The Jung Dragons made their pay-per-view debut at New Blood Rising, losing a ladder match against 3 Count. From there, they participated in various tag team match types at Mayhem, Starrcade, Sin, and SuperBrawl Revenge and added a manager in Leia Meow. While the Dragons only scored one victory throughout these major events, the stable remained relatively popular up until the closure of WCW in 2001.

===Split===
By late 2000, both the Jung Dragons and 3 Count had begun falling apart. Jamie-San departed from the Jung Dragons, during which he unmasked and was renamed to Jamie Knoble, and formed a tag team with ex-3 Count member Evan Karagias. The two competed with the remaining members of 3 Count and the Jung Dragons.

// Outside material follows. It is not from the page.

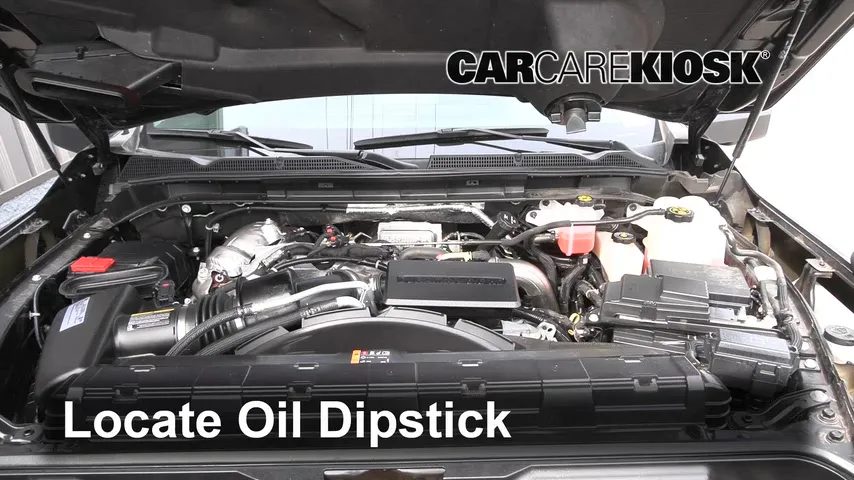 2021 GMC Sierra 2500 HD SLT 6.6L V8 Turbo Diesel Crew Cab Pickup Oil Check Oil Level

Finally, in early 2001, WCW was purchased by top competitor World Wrestling Federation, ultimately ending the Jung Dragons.

Following the closure of WCW, Jamie-San and Yang went on to work for World Wrestling Entertainment (the former World Wrestling Federation) as Jamie Noble and Akio, respectively. Noble won the Cruiserweight Championship shortly after his WWE debut and Akio found partial success as an ally of Tajiri before both were released in 2004 and 2005, respectively. After being released, Noble competed in Ring of Honor before being rehired in 2005, while Yang and Hayashi reformed the Jung Dragons before Yang was rehired in 2006 under the ring name Jimmy Wang Yang. Hayashi returned to Japan and has since become a staple of All Japan Pro Wrestling's junior heavyweight division while Leia retired from wrestling in 2002.